One of the first things that Richard Desmond, owner of Express newspapers, did when he took over was to sack the investigations department – an act he was proud to disclose to the Leveson inquiry.

The communications committee, chaired by Lord Inglewood, came to the conclusion that investigative journalism is "suffering from a lack of proper investment and organisational support". It has recommended that a fund be set up which would be used for investigative journalism or for training in investigative journalism. The coffers of this fund, the peers said, would come from any fines levied "for transgression of journalistic codes of conduct – including fines that might be introduced under a new system of press self-regulation and a proportion of fines issued for breaches of the Ofcom code". A post-Leveson Press Complaints Committee, with its new set of sharp and gleaming teeth would administer the fund.

But I cannot see how the provision of funds to commercial national and local titles would work. Would you be taking money in fines from one organisation to later be giving it funds from fines from another? I am also not convinced that these fines, even if the industry will agree to them, will raise a substantial amount. An NUJ working group is looking into how such a system would work. At present we are unsure.

In 2006, Trinity Mirror owned 240 regional newspapers – today the figure is about 160. In the same time frame, the shares have gone from around 550p to 49p. Major cities are no longer able to sustain a choice of papers. The Liverpool Daily Post has become a weekly paper, following the example of Birmingham Post. 

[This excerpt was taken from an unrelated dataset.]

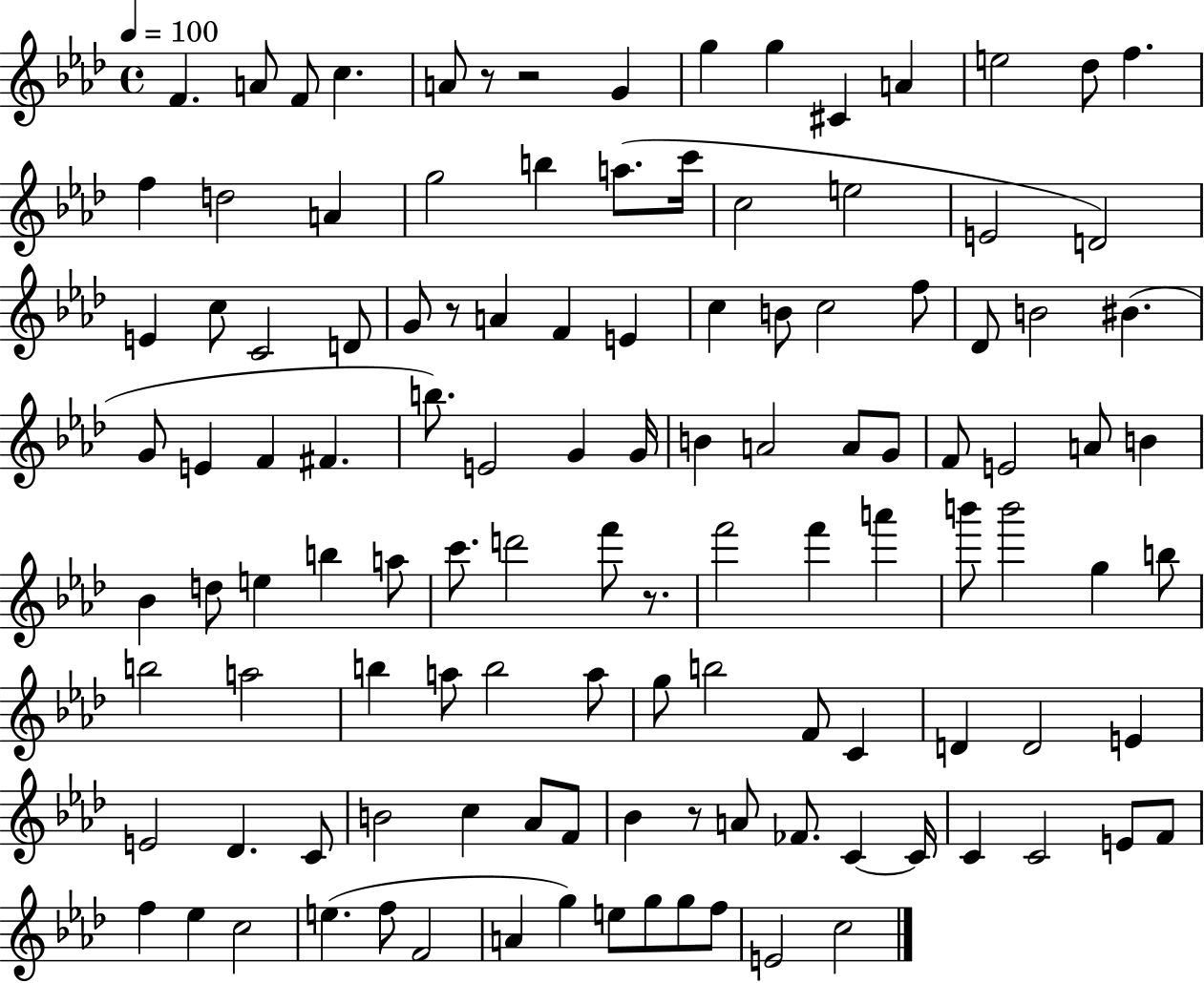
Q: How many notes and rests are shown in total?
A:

As jobs are lost, local offices are subsumed into regional offices and papers are merged or closed down. Local journalists know their patch and have their local contacts and sources, but the bigger their patch gets, the harder it becomes as they become remote from the community they are serving. Many of them are confined to the office, juggling demands from their print and on-line newspapers. Council meetings and planning meetings are not covered. Court reporting is dwindling. Would these papers benefit from an investigative journalism bursary? I doubt that it would make much difference to the level of investigative journalism projects. 

Instead, the newspaper industry should be having a long and hard look at its business model. Trinity Mirror’s chief executive, Sly Bailey, is one of a new breed of newspaper manager whose only strategy is to cut. Once the heart and then soul of a paper has been ripped out, the result is thin gruel for the reader. For this, she was in receipt of a salary package of £1.7 million in 2010 and, since she took over in 2003, she has collected around £12.5m. Her journalists typically earn around £15,000. Perhaps there is another source of funding for investigative journalism in Trinity Mirror titles? Those leading shareholders who are making their dissatisfaction of Ms Bailey known may make the connection. A subject for discussion at the organisation’s AGM this May?

There is merit in money from future fines being used to further journalism, rather than going to the Treasury. Any money dedicated to investigative journalism is a good thing – the real challenge comes in tackling the bust business models and the rudderless companies who seem more bent on managing decline than breathing new life into an industry that is of vital importance to our society and our democracy.

Michelle Stanistreet is general secretary of the National Union of Journalists.